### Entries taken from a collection
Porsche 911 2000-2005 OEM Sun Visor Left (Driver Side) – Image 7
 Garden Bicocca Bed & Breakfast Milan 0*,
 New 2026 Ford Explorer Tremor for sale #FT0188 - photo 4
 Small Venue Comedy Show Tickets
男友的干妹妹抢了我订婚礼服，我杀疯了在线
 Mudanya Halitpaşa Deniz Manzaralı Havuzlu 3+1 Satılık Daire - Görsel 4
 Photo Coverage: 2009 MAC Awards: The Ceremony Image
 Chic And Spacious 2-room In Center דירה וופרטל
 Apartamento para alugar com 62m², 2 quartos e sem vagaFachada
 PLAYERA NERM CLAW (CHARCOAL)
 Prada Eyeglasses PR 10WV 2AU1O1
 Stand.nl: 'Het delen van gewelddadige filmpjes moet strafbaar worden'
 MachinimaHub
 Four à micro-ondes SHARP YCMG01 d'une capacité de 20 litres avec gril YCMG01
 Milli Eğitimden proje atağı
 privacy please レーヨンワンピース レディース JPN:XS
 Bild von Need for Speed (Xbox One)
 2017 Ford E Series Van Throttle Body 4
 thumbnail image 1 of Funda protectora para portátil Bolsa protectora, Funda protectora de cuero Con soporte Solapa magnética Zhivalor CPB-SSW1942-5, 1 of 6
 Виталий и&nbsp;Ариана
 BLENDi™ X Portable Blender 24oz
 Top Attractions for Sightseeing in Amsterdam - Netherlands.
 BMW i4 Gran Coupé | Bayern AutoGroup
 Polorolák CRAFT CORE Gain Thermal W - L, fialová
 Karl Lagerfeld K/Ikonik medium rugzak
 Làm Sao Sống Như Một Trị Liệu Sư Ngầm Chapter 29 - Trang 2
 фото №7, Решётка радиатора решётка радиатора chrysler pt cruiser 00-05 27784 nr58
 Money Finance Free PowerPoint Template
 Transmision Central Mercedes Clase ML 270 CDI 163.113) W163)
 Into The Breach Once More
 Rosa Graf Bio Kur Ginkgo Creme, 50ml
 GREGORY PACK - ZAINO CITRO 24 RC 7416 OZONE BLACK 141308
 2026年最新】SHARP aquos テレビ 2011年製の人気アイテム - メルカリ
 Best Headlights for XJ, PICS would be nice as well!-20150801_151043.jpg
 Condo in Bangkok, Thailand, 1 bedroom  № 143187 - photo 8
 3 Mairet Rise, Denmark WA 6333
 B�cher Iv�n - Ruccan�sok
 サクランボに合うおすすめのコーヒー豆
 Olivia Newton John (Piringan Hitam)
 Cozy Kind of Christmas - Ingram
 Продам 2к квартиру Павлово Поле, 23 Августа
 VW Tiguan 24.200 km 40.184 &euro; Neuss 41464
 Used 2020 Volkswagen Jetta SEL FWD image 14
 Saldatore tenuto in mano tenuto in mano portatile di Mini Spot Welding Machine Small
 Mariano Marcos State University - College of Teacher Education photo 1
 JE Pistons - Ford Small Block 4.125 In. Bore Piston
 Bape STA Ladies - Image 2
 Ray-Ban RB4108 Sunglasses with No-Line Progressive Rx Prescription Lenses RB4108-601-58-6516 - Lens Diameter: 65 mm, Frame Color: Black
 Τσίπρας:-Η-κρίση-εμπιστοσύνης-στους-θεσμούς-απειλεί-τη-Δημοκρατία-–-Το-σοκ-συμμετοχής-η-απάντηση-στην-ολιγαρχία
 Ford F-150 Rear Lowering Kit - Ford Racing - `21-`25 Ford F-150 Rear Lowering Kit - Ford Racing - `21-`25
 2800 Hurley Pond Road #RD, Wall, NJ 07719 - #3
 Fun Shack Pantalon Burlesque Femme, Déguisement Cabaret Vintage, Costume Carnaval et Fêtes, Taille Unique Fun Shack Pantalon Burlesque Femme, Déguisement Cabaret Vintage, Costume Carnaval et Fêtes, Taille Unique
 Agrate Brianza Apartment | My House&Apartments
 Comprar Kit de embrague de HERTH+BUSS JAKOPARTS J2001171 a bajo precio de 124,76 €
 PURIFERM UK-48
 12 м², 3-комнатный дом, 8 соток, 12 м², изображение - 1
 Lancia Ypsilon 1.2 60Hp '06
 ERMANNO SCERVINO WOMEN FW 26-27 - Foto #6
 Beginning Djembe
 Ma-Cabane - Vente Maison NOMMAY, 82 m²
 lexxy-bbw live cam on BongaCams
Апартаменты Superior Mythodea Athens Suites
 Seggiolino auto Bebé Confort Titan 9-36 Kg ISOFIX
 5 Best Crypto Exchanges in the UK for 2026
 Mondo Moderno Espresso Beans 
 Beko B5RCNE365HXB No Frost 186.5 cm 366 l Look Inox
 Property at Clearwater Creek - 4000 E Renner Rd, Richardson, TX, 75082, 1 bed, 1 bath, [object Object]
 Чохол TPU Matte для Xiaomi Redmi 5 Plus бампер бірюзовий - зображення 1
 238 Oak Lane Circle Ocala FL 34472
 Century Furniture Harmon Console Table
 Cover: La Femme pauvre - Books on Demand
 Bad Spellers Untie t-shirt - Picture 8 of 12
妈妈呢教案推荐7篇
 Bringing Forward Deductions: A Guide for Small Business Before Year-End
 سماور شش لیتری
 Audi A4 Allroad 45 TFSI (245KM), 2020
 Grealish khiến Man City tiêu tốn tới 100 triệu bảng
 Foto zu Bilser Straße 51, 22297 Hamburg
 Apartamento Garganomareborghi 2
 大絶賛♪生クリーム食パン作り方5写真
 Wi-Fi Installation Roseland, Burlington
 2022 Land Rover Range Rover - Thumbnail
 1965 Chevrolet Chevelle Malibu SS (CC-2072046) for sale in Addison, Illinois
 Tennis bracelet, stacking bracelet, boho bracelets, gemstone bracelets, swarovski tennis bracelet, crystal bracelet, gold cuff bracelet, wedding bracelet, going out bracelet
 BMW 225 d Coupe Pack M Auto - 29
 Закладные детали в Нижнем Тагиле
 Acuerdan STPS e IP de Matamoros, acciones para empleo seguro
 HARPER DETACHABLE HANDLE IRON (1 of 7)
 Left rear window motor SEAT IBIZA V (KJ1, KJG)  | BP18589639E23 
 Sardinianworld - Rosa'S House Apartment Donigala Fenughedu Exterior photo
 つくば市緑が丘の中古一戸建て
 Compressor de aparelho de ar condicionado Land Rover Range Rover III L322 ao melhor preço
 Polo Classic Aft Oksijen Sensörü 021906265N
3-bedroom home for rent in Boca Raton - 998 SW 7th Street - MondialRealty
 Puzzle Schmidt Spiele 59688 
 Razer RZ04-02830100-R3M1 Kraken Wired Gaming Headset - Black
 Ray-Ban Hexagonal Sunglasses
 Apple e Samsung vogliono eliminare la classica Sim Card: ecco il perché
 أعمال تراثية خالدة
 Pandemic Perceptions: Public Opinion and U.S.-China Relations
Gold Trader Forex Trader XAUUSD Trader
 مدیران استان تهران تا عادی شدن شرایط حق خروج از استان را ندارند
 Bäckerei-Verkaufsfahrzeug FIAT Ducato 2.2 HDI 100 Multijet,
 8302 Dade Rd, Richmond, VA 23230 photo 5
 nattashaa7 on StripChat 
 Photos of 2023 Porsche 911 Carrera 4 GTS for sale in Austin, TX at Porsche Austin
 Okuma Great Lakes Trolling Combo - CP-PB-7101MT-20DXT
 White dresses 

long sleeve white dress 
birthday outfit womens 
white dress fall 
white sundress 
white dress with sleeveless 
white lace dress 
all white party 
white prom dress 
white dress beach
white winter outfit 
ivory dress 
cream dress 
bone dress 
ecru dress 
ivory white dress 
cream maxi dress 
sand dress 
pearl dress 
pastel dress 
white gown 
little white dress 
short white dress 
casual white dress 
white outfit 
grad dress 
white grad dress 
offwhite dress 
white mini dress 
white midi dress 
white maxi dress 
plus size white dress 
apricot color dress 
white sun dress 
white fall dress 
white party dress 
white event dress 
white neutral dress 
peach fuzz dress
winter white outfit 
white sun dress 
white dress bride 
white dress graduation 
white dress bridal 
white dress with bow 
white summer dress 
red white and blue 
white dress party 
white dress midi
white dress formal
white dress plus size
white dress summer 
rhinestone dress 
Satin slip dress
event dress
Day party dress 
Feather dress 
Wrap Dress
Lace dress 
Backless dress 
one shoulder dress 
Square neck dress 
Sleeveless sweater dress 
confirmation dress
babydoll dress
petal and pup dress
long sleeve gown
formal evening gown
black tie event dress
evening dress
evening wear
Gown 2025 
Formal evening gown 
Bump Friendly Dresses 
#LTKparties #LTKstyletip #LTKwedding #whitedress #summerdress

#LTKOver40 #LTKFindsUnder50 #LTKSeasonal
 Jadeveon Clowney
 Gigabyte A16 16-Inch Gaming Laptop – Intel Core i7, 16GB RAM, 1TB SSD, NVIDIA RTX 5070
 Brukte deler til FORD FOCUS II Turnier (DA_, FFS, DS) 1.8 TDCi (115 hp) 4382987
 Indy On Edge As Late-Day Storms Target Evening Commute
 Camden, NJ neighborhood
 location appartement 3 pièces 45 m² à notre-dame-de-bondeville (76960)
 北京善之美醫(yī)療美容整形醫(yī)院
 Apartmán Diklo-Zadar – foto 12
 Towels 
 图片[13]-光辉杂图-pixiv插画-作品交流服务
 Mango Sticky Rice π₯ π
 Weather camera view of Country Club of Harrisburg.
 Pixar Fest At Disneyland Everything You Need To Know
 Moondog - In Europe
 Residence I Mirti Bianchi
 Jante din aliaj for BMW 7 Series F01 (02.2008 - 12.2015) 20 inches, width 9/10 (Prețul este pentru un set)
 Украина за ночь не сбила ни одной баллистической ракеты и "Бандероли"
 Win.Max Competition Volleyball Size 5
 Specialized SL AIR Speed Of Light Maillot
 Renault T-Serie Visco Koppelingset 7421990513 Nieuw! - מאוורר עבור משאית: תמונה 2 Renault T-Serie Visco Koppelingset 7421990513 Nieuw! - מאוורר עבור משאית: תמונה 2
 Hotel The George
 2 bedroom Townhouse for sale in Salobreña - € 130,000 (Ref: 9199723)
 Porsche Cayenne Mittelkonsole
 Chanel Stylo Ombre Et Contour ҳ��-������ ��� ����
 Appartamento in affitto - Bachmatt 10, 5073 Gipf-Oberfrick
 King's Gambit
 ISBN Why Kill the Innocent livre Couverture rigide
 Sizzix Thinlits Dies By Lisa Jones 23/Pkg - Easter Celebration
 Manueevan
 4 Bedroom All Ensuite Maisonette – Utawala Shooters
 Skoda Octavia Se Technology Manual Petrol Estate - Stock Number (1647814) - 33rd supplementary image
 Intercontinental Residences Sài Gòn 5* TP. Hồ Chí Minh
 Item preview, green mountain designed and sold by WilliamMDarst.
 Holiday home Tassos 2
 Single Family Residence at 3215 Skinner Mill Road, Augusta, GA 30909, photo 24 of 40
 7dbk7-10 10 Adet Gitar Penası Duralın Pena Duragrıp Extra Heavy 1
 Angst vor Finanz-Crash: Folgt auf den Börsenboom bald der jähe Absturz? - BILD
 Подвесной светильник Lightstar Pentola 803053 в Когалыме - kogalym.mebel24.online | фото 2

### HOW TO COMPLETE THIS TASK
Starting at the line above that contains "long sleeve gown", write out each line exactly until the line that contains "location appartement 3" has been written, and stop there.

### TASK SOLUTION
long sleeve gown
formal evening gown
black tie event dress
evening dress
evening wear
Gown 2025 
Formal evening gown 
Bump Friendly Dresses 
#LTKparties #LTKstyletip #LTKwedding #whitedress #summerdress

#LTKOver40 #LTKFindsUnder50 #LTKSeasonal
 Jadeveon Clowney
 Gigabyte A16 16-Inch Gaming Laptop – Intel Core i7, 16GB RAM, 1TB SSD, NVIDIA RTX 5070
 Brukte deler til FORD FOCUS II Turnier (DA_, FFS, DS) 1.8 TDCi (115 hp) 4382987
 Indy On Edge As Late-Day Storms Target Evening Commute
 Camden, NJ neighborhood
 location appartement 3 pièces 45 m² à notre-dame-de-bondeville (76960)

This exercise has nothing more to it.